2. A method as recited in claim 1 wherein the step of generating a
delta file further includes the step of writing one or more blocks
into the delta file, each of said blocks comprising byte offsets
identifying the location of code sequence in the base file and a
directive to copy the identified code sequence into a modified form
of the base file.
3. A method as recited in claim 2 wherein the step of generating a
delta file further includes the steps of writing one or more new
byte sequences into the delta file along with one or more
directives defining where such new byte sequences are to be written
into the modified form of the base file.
4. A method as recited in claim 3 including the additional step of
distributing the delta distribution package to one or more endpoint
stations on which the base file is already installed.

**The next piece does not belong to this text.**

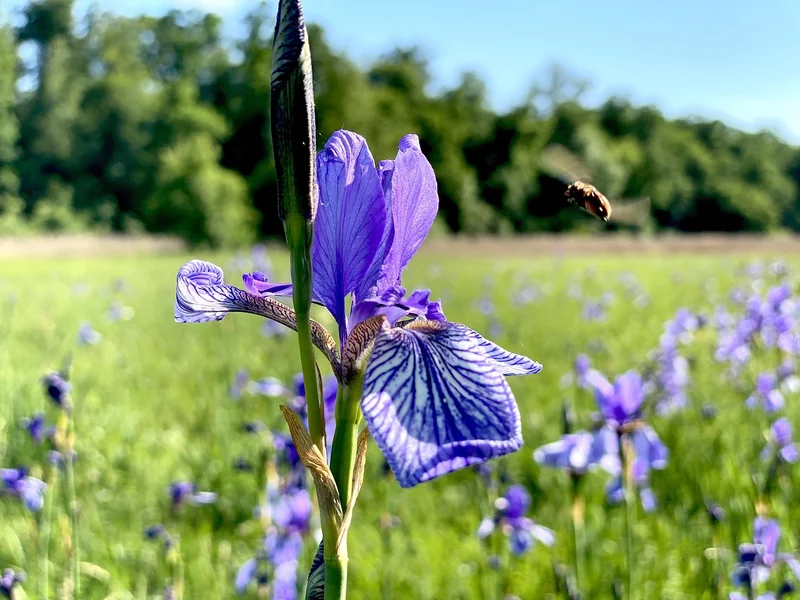 Fazit: Mehr als nur eine Blume
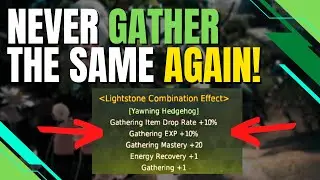 The ONLY Gathering Lightstone Combination You Should Get In Black Desert Online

5. A method as recited in claim 4 further including the steps of:
receiving the delta distribution package in at least one endpoint
station in which the base file is already installed; comparing the
data integrity code received in the delta distribution package to a
data integrity code associated with the base file already installed
in the endpoint station; if the data integrity codes match,
updating the installed base file by retrieving the directives and
code sequences from the delta distribution package and executing
the directives to rebuild the installed base file into a modified
form of that file.
6. A method for updating a base file previously installed at an
endpoint system comprising the steps of: receiving a delta
distribution package containing at least one data integrity code,
one or more byte offsets identifying the location of code sequences
in the previously installed base file, one or more new code
sequences and one or more directives for utilizing either the new
code sequences or code sequences in the base file that are
identified by the byte offsets; comparing a data integrity code
received in the delta distribution package to a data integrity code
already stored in the endpoint station; and if the compared codes
match, executing the directives received in the delta distribution
package to write new code sequences received in the delta
distribution package and existing code sequences identified in the
base file into a modified form of the base file.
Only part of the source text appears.